“The Cheat” shows a complete change in tone when switching between the home of Richard and Edith and Arakau. The first is western and what we would see as a norm, while the latter is decorated in an eastern style. It gives a feeling that Arakau still identifies as Asian and not as an American. The Asian men in the service of Arakau speak broken English, which must have been done with a purpose. The language could have been easily fixed, as the only language to come across does so in subtitles. The film even goes far enough to make the statement “East is east and West is west and never the twain shall meet”. (The Cheat, 1915)
In “The Cheat”, Edith is a glamorous woman that floats in high society, throws luxurious parties, and in is no trouble for her husband to write her a check for ten thousand dollars. Again, we are able to see under the surface. We see a woman resort to what could termed prostitution to keep her status with the community.
The character of Edith uses her sexuality in order to gain a favor. Not only this, but she is also a woman that is seen spending time with men besides her husband. Then she begins to realize the immorality of her decision and goes back on the agreement. Her role has now become one of the swindler and the tease. Her sexuality has put her into a position to be denigrated. Arakau brands Edith, his way of changing her into property.

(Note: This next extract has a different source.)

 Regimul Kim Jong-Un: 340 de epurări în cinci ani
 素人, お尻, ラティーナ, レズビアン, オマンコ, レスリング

Just in looking at the shots of “The Cheat” it seems as if DeMille is in sympathy with the upper class white characters. The fact that Edith and Richard are protagonists should make this obvious, but in looking at the final shot of “The Cheat” when the couple walk out of the court room arm in arm just forces that idea in even more:that the white characters are the good guys. We completely forget that the main conflict was caused by an irresponsible Edith, but she walks guilt free and happy.